We will try to use a different approach. Consider we have these base numbers $b_1, b_2 \in \mathbb{N}$ together with some numbers $x_1 \in \mathbb{R}, x_2 \in \mathbb{N}$ . We are looking at ${b_1}^{x_1} \cdot {b_2}^{x_2}$ . This makes a single number in the same way it did in the previous post.

To extract numbers, we just have to use division. But how do we know what to divide, and until when? First, it is important to know the bounds of $x_1$ . For example, if $b_1 = 2$ and $0 \leq x_1 \leq 5$ then $2^5 = 32$ is the maximum bound of the first element. This information is useful as we now know that the second element must be larger than the maximum bound – this will tell us when to stop dividing. In general, we’re looking for a number larger than ${b_1}^{x_1}$ .

Back to our example, we already used $b_1 = 2$ . 33 is the first natural number larger than 32.

mkPair :: Double -> Integer -> Double
mkPair a b = if a > 5 || a < 0 then error "Out of bounds" else (2 ** a) * (33 ** fromIntegral b)
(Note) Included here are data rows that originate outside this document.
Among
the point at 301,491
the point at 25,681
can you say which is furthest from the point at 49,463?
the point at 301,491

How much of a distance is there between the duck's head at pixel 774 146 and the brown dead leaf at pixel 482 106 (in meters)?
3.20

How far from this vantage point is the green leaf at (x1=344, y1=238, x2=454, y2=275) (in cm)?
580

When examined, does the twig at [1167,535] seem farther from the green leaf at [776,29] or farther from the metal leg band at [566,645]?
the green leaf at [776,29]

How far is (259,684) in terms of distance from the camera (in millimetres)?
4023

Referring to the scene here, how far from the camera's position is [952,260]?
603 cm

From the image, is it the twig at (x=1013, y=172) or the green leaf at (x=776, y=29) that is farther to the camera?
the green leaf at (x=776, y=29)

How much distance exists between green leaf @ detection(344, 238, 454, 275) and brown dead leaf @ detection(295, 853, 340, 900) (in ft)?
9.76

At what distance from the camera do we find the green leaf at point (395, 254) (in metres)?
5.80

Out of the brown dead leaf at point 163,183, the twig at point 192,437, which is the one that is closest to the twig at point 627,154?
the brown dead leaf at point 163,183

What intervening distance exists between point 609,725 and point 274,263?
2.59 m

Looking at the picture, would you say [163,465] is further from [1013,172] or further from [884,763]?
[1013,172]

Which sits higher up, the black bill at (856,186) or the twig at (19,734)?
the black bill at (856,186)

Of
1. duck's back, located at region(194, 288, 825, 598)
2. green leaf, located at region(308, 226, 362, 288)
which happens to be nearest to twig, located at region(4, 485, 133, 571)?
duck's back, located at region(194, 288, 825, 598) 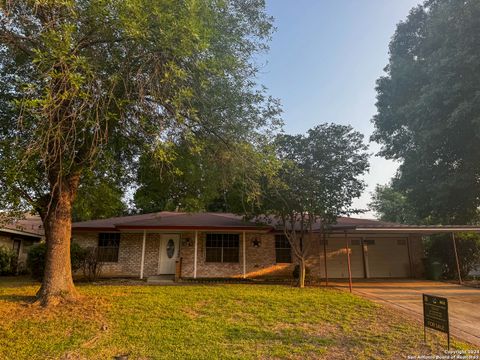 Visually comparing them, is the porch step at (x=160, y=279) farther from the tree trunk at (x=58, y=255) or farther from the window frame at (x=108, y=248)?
the tree trunk at (x=58, y=255)

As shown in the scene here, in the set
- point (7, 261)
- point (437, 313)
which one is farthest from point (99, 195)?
point (437, 313)

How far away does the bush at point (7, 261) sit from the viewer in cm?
1645

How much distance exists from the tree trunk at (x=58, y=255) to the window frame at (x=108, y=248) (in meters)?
7.43

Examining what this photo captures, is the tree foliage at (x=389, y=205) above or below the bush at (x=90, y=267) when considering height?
above

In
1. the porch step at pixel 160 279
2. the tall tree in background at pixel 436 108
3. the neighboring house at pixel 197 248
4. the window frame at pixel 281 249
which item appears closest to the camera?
the tall tree in background at pixel 436 108

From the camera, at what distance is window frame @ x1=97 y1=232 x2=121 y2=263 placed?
51.4ft

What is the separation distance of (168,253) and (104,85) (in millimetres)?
11142

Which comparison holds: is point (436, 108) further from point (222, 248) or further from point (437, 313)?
point (222, 248)

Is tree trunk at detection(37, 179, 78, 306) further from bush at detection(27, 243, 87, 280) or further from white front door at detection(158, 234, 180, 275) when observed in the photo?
white front door at detection(158, 234, 180, 275)

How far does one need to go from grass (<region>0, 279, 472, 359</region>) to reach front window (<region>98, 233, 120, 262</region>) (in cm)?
592

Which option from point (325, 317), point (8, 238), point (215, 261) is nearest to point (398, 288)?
point (325, 317)

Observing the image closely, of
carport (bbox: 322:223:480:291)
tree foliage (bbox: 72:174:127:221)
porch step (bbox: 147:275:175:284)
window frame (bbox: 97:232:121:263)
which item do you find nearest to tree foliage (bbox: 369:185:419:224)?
carport (bbox: 322:223:480:291)

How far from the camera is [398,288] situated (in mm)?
13148

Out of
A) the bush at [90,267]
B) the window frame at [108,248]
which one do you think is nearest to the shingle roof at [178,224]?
the window frame at [108,248] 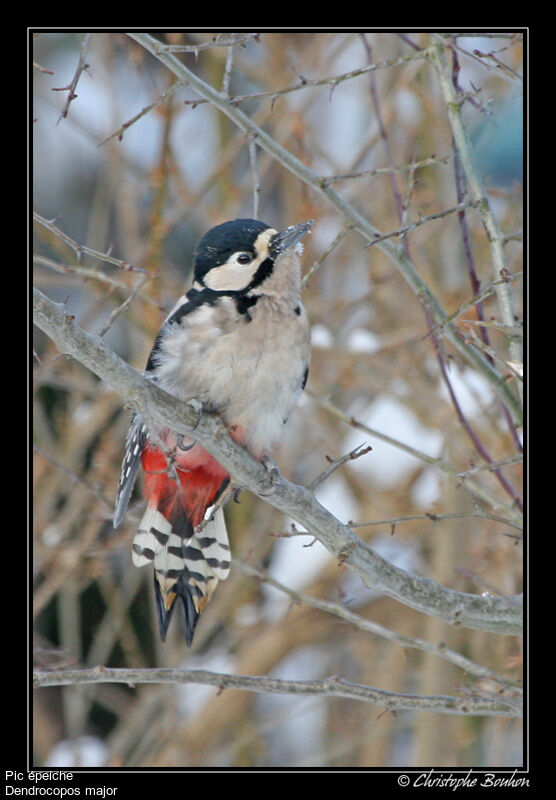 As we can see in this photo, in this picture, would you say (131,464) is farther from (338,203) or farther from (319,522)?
(338,203)

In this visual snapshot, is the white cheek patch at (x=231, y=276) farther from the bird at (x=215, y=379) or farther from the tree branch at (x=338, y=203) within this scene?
the tree branch at (x=338, y=203)

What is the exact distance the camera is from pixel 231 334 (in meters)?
3.61

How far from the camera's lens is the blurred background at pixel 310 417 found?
523 centimetres

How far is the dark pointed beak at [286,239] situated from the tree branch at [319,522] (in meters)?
0.89

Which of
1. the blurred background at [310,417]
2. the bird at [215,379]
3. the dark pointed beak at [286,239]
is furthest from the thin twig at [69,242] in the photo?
the blurred background at [310,417]

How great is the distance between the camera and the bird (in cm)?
359

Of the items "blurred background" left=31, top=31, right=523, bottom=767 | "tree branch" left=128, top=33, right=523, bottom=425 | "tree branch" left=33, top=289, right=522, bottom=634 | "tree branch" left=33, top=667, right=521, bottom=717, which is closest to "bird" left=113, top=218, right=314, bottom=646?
"tree branch" left=33, top=289, right=522, bottom=634

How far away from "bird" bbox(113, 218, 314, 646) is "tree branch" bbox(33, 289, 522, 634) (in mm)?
220

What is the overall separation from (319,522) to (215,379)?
2.41 feet

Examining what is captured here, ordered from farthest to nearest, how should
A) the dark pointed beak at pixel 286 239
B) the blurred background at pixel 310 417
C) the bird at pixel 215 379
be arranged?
the blurred background at pixel 310 417 → the dark pointed beak at pixel 286 239 → the bird at pixel 215 379

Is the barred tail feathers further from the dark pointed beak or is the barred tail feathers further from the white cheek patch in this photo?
the dark pointed beak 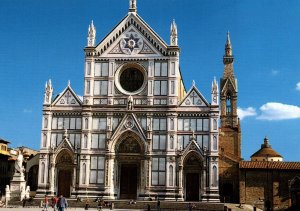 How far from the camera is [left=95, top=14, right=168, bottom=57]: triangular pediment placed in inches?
2037

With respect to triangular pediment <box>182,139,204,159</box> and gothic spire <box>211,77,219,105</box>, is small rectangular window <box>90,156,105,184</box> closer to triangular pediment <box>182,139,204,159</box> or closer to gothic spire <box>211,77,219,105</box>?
triangular pediment <box>182,139,204,159</box>

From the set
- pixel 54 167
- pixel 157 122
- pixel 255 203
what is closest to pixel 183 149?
pixel 157 122

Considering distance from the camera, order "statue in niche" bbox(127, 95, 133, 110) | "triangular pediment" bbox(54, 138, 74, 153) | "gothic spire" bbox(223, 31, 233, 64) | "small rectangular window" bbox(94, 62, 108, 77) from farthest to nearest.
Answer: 1. "gothic spire" bbox(223, 31, 233, 64)
2. "small rectangular window" bbox(94, 62, 108, 77)
3. "triangular pediment" bbox(54, 138, 74, 153)
4. "statue in niche" bbox(127, 95, 133, 110)

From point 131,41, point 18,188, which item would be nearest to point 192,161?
point 131,41

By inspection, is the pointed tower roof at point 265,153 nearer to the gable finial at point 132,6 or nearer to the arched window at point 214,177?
the arched window at point 214,177

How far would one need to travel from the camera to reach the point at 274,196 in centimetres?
5216

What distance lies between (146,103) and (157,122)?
96.4 inches

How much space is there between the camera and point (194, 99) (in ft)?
165

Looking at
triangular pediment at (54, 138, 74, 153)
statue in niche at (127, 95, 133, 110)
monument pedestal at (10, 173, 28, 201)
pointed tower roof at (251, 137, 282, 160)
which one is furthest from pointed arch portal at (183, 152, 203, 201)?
pointed tower roof at (251, 137, 282, 160)

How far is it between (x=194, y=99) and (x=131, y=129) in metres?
7.64

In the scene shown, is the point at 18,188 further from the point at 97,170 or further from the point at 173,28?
the point at 173,28

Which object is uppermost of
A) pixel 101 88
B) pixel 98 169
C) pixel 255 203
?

To extract $x_1$ out of $2^{x_1} \cdot 33^{x_2}$ we have to keep dividing our number by 33 until it is less than or equal to 32, (to get to just $2^{x_1}$ ) and finally take the log2 of that. For example if we had $2^3 \cdot 33^3$ , we divide that number by 33 just 3 times and then we reach $\leq 32$ , since $0 \leq 2^{x_1} = 2^3 = 8 \leq 32$ , and then take the log2 of $2^3$ which is 3. This gives our first element.

fst' :: Double -> Double
fst' x = if x > 32 then fst' (x / 33) else logBase 2 x

Now that we have the first element, the second element will be easy. To extract $x_2$ out of $2^{x_1} \cdot 33^{x_2}$ , we divide the number by $2^{x_1}$ (remember we already know how to get the first element $x_1$ ), and then take log33 to get the $x_2$ out of $33^{x_2}$ .

snd' :: Double -> Integer
snd' x = round $ logBase 33 (x / (2 ** fst' x))

Running it:

> isFormulaValid (\x1 x2 -> (2 ** x1) * (33 ** fromIntegral x2))
True
> let p = mkPair 5.0 1 in printf "Pair: %f, First: %f, Second: %d\n" p (fst' p) (snd' p)
Pair: 1056.0, First: 5.0, Second: 1
> let p = mkPair 3.9 17 in printf "Pair: %f, First: %f, Second: %d\n" p (fst' p) (snd' p)
Pair: 974437437460685000000000000.0, First: 3.9, Second: 17
> let p = mkPair 4.9 10 in printf "Pair: %f, First: %f, Second: %d\n" p (fst' p) (snd' p)
Pair: 45728439116678304.0, First: 4.9, Second: 10

It would be good to write a mathematical proof that this encoding doesn’t break, but I’ll try to do that in a future post. 🙂